⟨
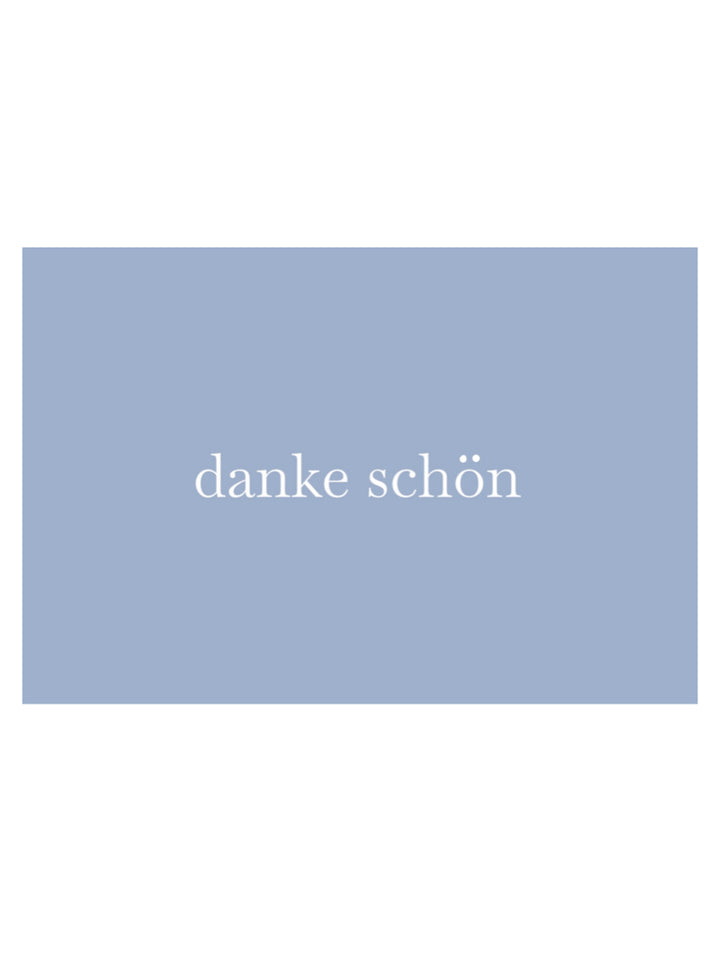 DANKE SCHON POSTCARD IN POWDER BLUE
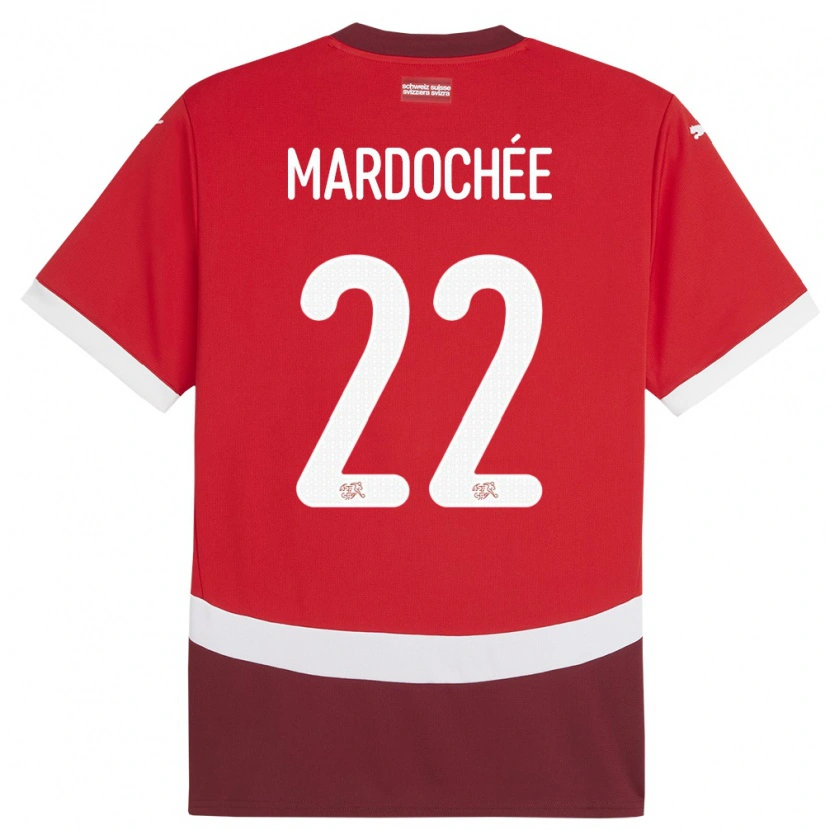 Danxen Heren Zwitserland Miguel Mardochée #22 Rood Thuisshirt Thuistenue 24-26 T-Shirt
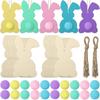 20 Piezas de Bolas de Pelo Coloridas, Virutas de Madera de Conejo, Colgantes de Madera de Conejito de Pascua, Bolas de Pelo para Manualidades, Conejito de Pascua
⟩
INSTRUCTIONS FOR THE TASK:
Set down the data above word for word, leaving every picture out.

ANSWER SECTION:
 DANKE SCHON POSTCARD IN POWDER BLUE
 Danxen Heren Zwitserland Miguel Mardochée #22 Rood Thuisshirt Thuistenue 24-26 T-Shirt
 20 Piezas de Bolas de Pelo Coloridas, Virutas de Madera de Conejo, Colgantes de Madera de Conejito de Pascua, Bolas de Pelo para Manualidades, Conejito de Pascua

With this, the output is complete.